Nella tana dei lupi

Nella tana dei lupi **1/2

L’esordio alla regia di Christian Gudegast, è un heist movie estremo, lacerato, brutale.

Nella tana dei lupi guarda a modelli alti, al cinema di Michael Mann innanzitutto, mettendo in scena ancora una volta due clan, quello dei poliziotti e quello dei rapinatori, divisi da un confine sottilissimo. Nel film manca tuttavia l’astrazione e l’eleganza formale di Mann, la sua ossessione per il lavoro ben fatto, per la dedizione assoluta alla propria missione. Qui sceriffo e criminale sono uniti dalla stessa ferocia, dalla stessa violenza e disillusione.

Gudegast è quello che gli americani chiamano uno script doctor, uno che ha lavorato sempre nell’ombra, sui copioni di altri, raffinandoli, ripulendoli dalle imperfezioni ed aiutandoli ad arrivare sullo schermo.

Nella tana dei lupi è un debutto convincente, classico, figlio di una sceneggiatura scritta assieme ad un altro grande artigiano, Paul T. Scheuring che con Prison Break ci ha regalato una delle migliori serie tv del nuovo secolo.

Entrambi conoscitori del genere, entrambi capaci di sfruttarne sino in fondo ambienti e caratteri, per costruire un racconto che sembra figlio degli anni ’90, per l’intelligenza di scrittura, uso dei tempi e inaffidabilità del narratore.

Siamo a Los Angeles, la capitale mondiale delle rapine in banca.

Il gruppo d’assalto di Merriman, un ex marine e giocatore di football, prende di mira un furgone portavalori, mentre è in sosta. Le cose si mettono male, a terra restano dei poliziotti. Ma il furgone è vuoto. Perche rubarlo?

La mattina dopo interviene la squadra speciale dello sceriffo, guidata da ‘Big Nick’: i suoi uomini sono brutti, sporchi e cattivi e delle manette non se ne fanno nulla.

Individuano subito il modus operandi della banda di Merriman e ne scovano il punto debole, Donnie,  l’autista del gruppo, che lavora come barista, come copertura.

Tutta la prima parte del film si prende il tempo per raccontare i personaggi, per delinearne i caratteri, mostrarne le debolezze.

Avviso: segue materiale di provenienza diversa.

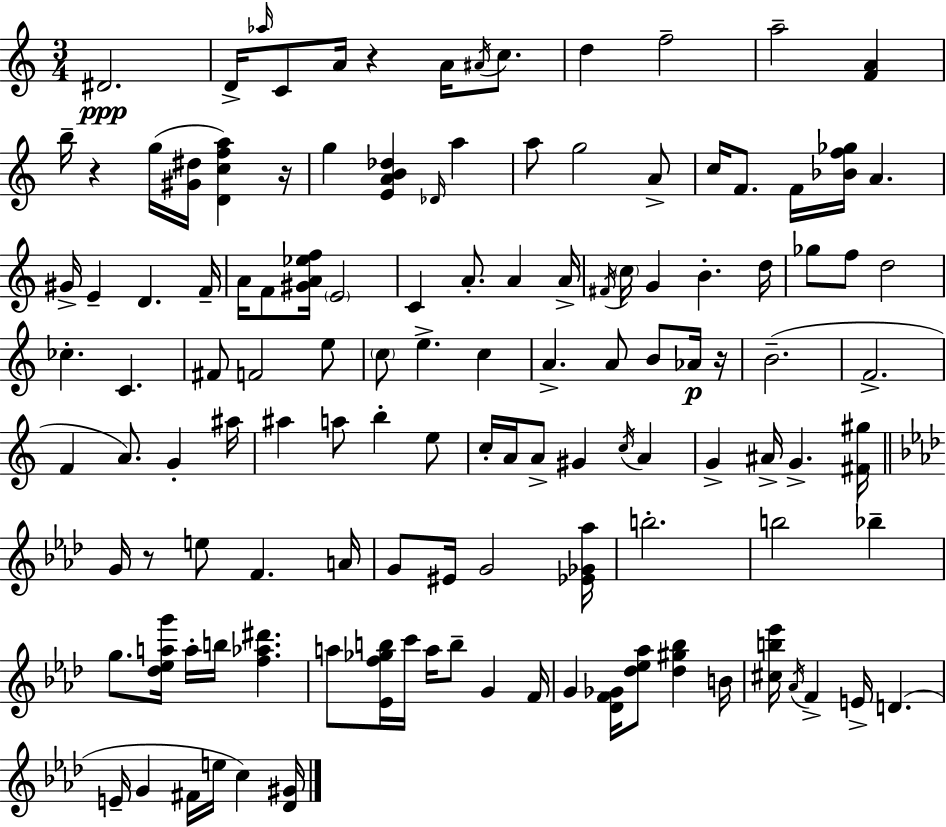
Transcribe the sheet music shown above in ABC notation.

X:1
T:Untitled
M:3/4
L:1/4
K:Am
^D2 D/4 _a/4 C/2 A/4 z A/4 ^A/4 c/2 d f2 a2 [FA] b/4 z g/4 [^G^d]/4 [Dcfa] z/4 g [EAB_d] _D/4 a a/2 g2 A/2 c/4 F/2 F/4 [_Bf_g]/4 A ^G/4 E D F/4 A/4 F/2 [^GA_ef]/4 E2 C A/2 A A/4 ^F/4 c/4 G B d/4 _g/2 f/2 d2 _c C ^F/2 F2 e/2 c/2 e c A A/2 B/2 _A/4 z/4 B2 F2 F A/2 G ^a/4 ^a a/2 b e/2 c/4 A/4 A/2 ^G c/4 A G ^A/4 G [^F^g]/4 G/4 z/2 e/2 F A/4 G/2 ^E/4 G2 [_E_G_a]/4 b2 b2 _b g/2 [_d_eag']/4 a/4 b/4 [f_a^d'] a/2 [_Ef_gb]/4 c'/4 a/4 b/2 G F/4 G [_DF_G]/4 [_d_e_a]/2 [_d^g_b] B/4 [^cb_e']/4 _A/4 F E/4 D E/4 G ^F/4 e/4 c [_D^G]/4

I due gruppi giocano a carte scoperte: si confrontano guardandosi in faccia. Merriman e soci stanno progettando un colpo alla sede locale della Federal Reserve. Per farlo hanno bisogno di un diversivo: si presentano in una piccola filiale fuori città, prendono in ostaggio correntisti e funzionari e creano uno stallo che impegna l’LAPD.

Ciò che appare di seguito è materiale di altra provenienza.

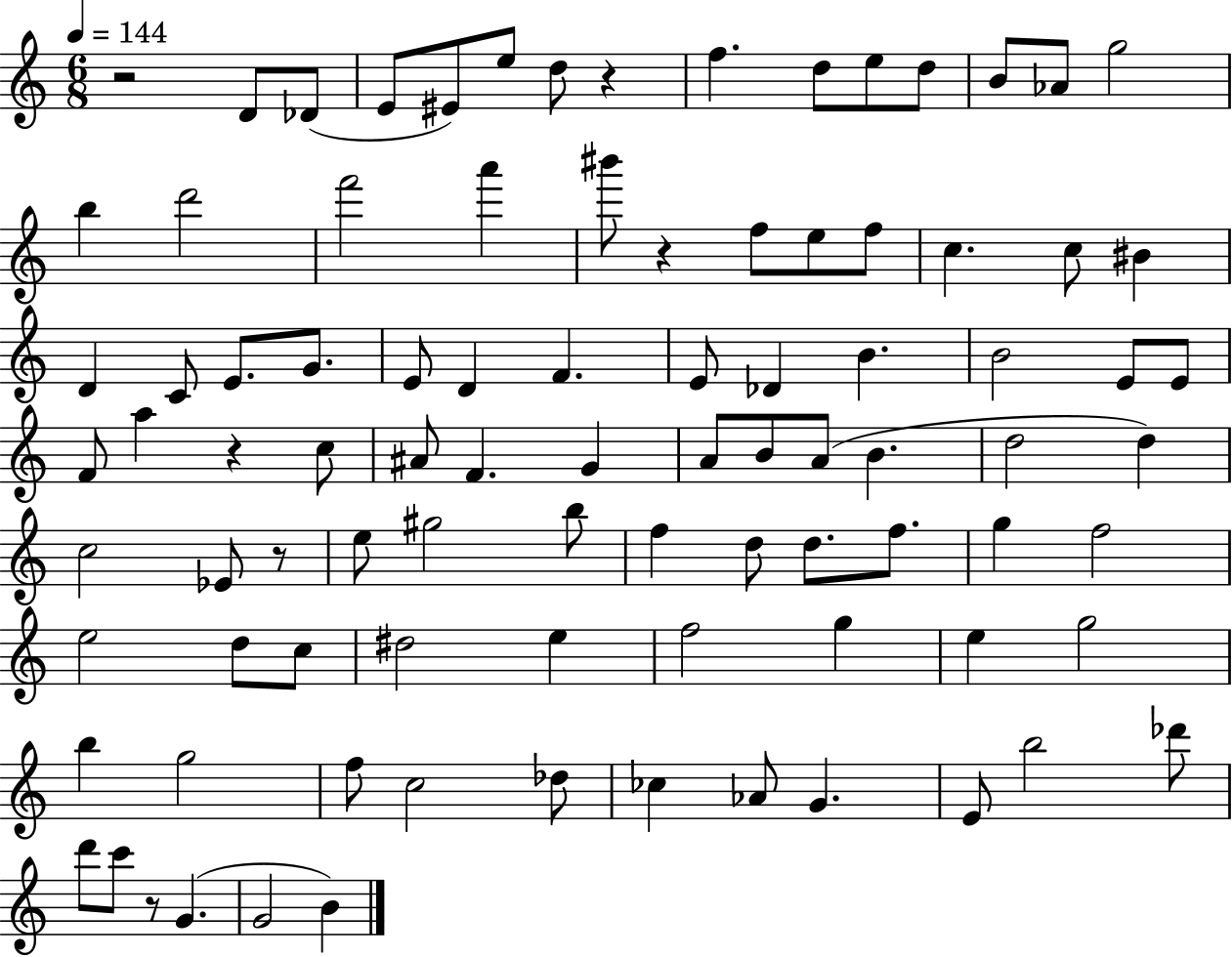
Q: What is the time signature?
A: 6/8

Nel frattempo il piano procede nei sotterranei…

Come detto Nella tana dei lupi è un film come non se ne fanno più,  un film tutto di scrittura, capace di rileggere i codici di genere, come facevano i thriller degli anni ’90, pieno di personaggi, che sfrutta sino in fondo il suo tempo, per farci entrare lentamente nella storia, costruendo per accumulo una seconda parte in cui sostanzialmente assistiamo al grande show messo in piedi dalla band di Merriman e dalla squadra speciale di Big Nick.

Per una volta Gerard Butler sembra davvero in parte, con i suoi occhi pesti, i tatuaggi, il fisico gonfio di alcool e pesi ed una determinazione suicida, che lo accomuna allo spiritato Pablo Schreiber, altrettanto massiccio, ottuso, testosteronico. Nel gruppo di sono anche 50 cent, ma la sua è una presenza marginale, e O’Shea Jackson Jr, ovvero il figlio di Ice Cube, già visto in Straight Outta Compton, a cui il film riserva il ruolo più ambiguo.

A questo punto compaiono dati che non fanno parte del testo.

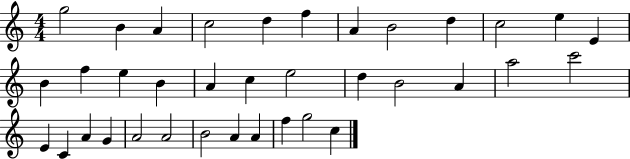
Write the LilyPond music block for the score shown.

{
  \clef treble
  \numericTimeSignature
  \time 4/4
  \key c \major
  g''2 b'4 a'4 | c''2 d''4 f''4 | a'4 b'2 d''4 | c''2 e''4 e'4 | \break b'4 f''4 e''4 b'4 | a'4 c''4 e''2 | d''4 b'2 a'4 | a''2 c'''2 | \break e'4 c'4 a'4 g'4 | a'2 a'2 | b'2 a'4 a'4 | f''4 g''2 c''4 | \break \bar "|."
}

E’ cinema di uomini duri, tutti d’un pezzo, pronti a massacrarsi di colpi con armi d’assalto, in mezzo al traffico, incuranti del proprio destino, come in un western metropolitano. Nella tana dei lupi è un film che nasce già classico, essenziale, potente. Come certi film con Liam Neeson, che su queste storie ha costruito una seconda carriera.

Nella tana dei lupi è innanzitutto un film competente, capace di intrattenere, di raccontare un milieu, di illuminare un piccolo spettro della natura umana. Cinema-cinema si sarebbe detto una volta. Purtroppo nel panorama hollywoodiano di questi tempi, non è cosa da poco.